I'm trying to implement the Iterative Hard Thresholding recovery algorithm for compressive sensing in python. It is a very simple algorithm, given $ \mathbf{y}( = \mathbf{A}\mathbf{x}), \mathbf{A}$, we start with $\mathbf{x}^{[0]}=0$ and update the estimate of $\mathbf{x}$ iteratively with,

$\begin{equation} \mathbf{x}^{[n+1]} = \mathbf{H}_{s}( \mathbf{x}^{[n]} + \mathbf{A}^{T}(\mathbf{y} - \mathbf{Ax}^{[n]})) \end{equation}$

where $\mathbf{H}_{s}(\mathbf{a})$ is the Hard thresholding operator which sets all but $s$ largest magnitude components of $\mathbf{a}$ to zero. $\mathbf{A}$ is the measurement matrix.

from pylab import *

def largestElement(x, n):
    # returns the nth largest element of the vector x
    N = x.shape[0]
    if n > N:
        n = N
    elif n < 1:
        n = 1
    t = np.sort(x)[::-1]
    return t[n-1] # python index starts at 0

# Soft thresholding function
def softThreshold(x, threshold):
    j = np.abs(x) <= threshold
    x[j] = 0
    j = np.abs(x) > threshold
    x[j] = x[j] - np.sign(x[j])*threshold
    return x

# Hard thresholding function
def hardThreshold(x, threshold):
    j = np.abs(x) < threshold
    x[j] = 0
    return x

def reconstructIHT(A, y, s, Its=500, tol=0.001, x=0, verbose=False):
    # recovers a sparse vector x from y using Iterative Hard thresholding Algorithm
    # xhat = reconstructIHT(A, t, T, tol, x, verbose)
    #  Arguments:
    #       A - measurement matrix
    #       y - measurements
    #       s - sparsity level require in reconstruction
    #       Its - max number of iterations (optional)
    #       tol - stopping criteria (optional)
    #       x - original vector used to print progress of MSE (optional)
    #       verbose - print progress (optional)

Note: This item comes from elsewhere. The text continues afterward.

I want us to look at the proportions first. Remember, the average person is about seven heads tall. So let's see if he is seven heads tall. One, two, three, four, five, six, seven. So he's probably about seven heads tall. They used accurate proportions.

    # Length of original signal
    N = A.shape[1]

    # Length of measurement vector
    n = A.shape[0]

    # Initial estimate
    xhat = np.zeros(N)

    # Initial residue
    r = y

    for t in xrange(Its):
        # Pre-threshold value
        gamma = xhat + np.dot(A.T, r)

        # Find the s-th largest coefficient of gamma
        threshold = largestElement(np.abs(gamma), s)

        # Estimate the signal (by hard thresholding)
        xhat = hardThreshold(gamma, threshold)

        # Compute error, print and plot
        if verbose:
            err = np.mean((x-xhat)**2)
            print "iter# = "+str(t) + " MSE = " + str(err)

        # update the residual
        r = y - np.dot(A, xhat)

        # Stopping criteria
        if np.linalg.norm(r)/np.linalg.norm(y) < tol:
            break

    return xhat


if __name__ == '__main__':
    N = 2000 # signal length
    n = 400  # Number of measurements
    k = 50   # Number of non-zero elements

    T = 200 # Number of iterations

    tol = 0.0001 # Tolerance

    # Generate problem instance
    A = np.random.randn(n,N)
    # normalize to columns to have unit norm
    A = A/np.sqrt(np.sum(A**2, axis=0))

    # Sparse signal x[i] in {+1, -1, 0}
    x = np.sign(np.random.rand(k)-0.5)
    x = np.append(x, np.zeros(N-k))
    x = x[np.random.permutation(np.arange(N))]

    # Generate measurements
    y = np.dot(A, x)

    # Reconstruct using IHT
    xiht = reconstructIHT(A, y, k, T, tol, x=x, verbose=True)

    print "All Close xiht and x :" + str(np.allclose(xiht, x))

    erriht = np.mean((xiht-x)*(xiht-x))     
    print "Mean Squared Error AMP: " + str(erriht)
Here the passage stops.